A convivência gerou uma familiaridade única com os animais:
“Não existe outra pessoa com tanto conhecimento e vivência de campo com micos-leões-dourados na natureza. Nenhum cientista ilustre”, diz Luís Paulo Ferraz, secretário executivo da AMLD.
Andréia nasceu em Silva Jardim, onde cresceu “brincando no mato ao lado de casa”. Por lá, contudo, não havia micos-leões-dourados, que ela só conheceu numa aula: a turma desconhecia o ameaçado vizinho e, para conseguir fotos, foi necessário um “truque”: fotografar uma foto e usar a reprodução para ilustrar um trabalho. Era uma época em que a população se aproximava da extinção.
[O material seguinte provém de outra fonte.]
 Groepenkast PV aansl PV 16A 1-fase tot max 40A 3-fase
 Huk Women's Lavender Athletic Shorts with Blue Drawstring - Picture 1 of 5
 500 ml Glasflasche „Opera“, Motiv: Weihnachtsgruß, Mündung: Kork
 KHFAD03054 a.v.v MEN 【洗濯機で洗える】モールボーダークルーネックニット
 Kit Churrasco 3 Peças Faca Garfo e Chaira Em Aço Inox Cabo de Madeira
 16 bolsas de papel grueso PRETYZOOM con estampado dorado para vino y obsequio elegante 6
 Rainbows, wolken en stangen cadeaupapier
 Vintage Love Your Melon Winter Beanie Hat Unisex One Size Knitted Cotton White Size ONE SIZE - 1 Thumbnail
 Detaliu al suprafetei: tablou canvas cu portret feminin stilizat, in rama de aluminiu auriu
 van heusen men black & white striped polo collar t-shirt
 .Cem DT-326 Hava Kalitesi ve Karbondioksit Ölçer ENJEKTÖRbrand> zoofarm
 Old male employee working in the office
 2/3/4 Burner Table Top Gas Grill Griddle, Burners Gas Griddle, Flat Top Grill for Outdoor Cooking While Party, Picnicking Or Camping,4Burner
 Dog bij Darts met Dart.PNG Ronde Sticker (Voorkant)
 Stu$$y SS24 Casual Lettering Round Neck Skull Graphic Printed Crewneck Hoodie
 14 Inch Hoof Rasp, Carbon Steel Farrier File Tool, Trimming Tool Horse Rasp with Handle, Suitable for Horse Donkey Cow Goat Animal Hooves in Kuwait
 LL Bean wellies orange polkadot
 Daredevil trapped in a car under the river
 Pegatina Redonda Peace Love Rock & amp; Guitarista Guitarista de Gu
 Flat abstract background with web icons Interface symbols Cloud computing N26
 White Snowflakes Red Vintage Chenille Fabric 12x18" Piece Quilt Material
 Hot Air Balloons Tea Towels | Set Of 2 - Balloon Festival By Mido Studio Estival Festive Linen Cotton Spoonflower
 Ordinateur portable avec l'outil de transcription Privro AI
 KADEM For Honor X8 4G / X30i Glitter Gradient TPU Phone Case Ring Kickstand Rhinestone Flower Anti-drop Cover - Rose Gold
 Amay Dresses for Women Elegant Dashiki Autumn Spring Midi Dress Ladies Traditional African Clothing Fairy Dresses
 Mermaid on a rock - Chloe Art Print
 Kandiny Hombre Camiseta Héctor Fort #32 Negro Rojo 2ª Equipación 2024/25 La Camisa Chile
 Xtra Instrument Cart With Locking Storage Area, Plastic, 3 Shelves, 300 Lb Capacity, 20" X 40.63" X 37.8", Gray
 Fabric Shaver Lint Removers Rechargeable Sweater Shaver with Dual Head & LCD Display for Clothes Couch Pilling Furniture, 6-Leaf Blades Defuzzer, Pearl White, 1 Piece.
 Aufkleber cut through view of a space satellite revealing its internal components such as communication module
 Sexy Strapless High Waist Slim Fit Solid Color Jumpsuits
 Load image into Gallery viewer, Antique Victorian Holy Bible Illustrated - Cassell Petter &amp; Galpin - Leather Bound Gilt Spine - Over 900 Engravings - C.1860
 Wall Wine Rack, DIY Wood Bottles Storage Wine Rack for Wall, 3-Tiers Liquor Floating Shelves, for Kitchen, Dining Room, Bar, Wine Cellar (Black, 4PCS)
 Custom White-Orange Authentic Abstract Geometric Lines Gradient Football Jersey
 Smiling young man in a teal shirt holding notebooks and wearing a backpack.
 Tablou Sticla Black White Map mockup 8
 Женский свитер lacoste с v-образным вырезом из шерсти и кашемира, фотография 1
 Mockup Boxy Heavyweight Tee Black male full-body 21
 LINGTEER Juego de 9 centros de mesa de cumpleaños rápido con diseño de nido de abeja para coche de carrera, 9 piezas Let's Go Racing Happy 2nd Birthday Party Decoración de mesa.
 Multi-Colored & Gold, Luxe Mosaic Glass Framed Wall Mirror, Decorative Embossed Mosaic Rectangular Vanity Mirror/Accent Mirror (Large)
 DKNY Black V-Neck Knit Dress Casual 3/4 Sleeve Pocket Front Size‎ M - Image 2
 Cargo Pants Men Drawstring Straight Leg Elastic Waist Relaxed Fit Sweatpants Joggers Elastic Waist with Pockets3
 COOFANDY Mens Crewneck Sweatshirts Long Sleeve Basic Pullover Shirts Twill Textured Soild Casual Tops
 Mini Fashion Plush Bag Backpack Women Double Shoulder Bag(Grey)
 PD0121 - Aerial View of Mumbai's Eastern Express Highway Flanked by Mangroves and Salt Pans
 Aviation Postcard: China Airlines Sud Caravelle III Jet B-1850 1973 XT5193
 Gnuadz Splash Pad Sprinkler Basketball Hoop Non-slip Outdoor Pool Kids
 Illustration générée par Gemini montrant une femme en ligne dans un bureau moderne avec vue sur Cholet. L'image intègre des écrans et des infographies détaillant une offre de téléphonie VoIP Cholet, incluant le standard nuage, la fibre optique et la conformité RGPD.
Quase quatro décadas depois, ela brinca que já acorda cansada de tanto trabalhar dormindo: seus sonhos são pontuados pelos primatas. Mais de uma vez, sonhou que, em determinado grupo, nasciam filhotinhos. E, no dia seguinte, em campo, constatava que o sonho era verdade:
“Eu digo que é meu sétimo sentido, porque o sexto já gastei”, ri Andréia, que relembra do mico do coração: Micoeca. Um macho resgatado do comércio legal e solto em Silva Jardim. E que adotou Andréia em seu grupo:
“Havia uma fêmea de outro grupo chamada Ritinha. Ela se acostumara a homens e vivia pulando em nossos ombros. Isso não era bom e nós a afastávamos. Rejeitada, ela passou a nos atacar. E, a cada ataque, lá vinha Micoeca e se colocava entre mim e Ritinha, como um escudo protetor.”
Valente, Micoeca terminou os dias num abrigo, após uma briga violenta com um macaco-prego, que provocou ferimentos incapacitantes.
Pergunto se, após tanto tempo, ela está cansada de ver micos. Depois de um breve silêncio, em voz alta e sorridente, Andréia responde: “É ruim, heim! Até férias é difícil tirar. Eu imagino um futuro em que a população deles será viável e as futuras gerações terão a oportunidade de conhecê-los. Sou otimista”.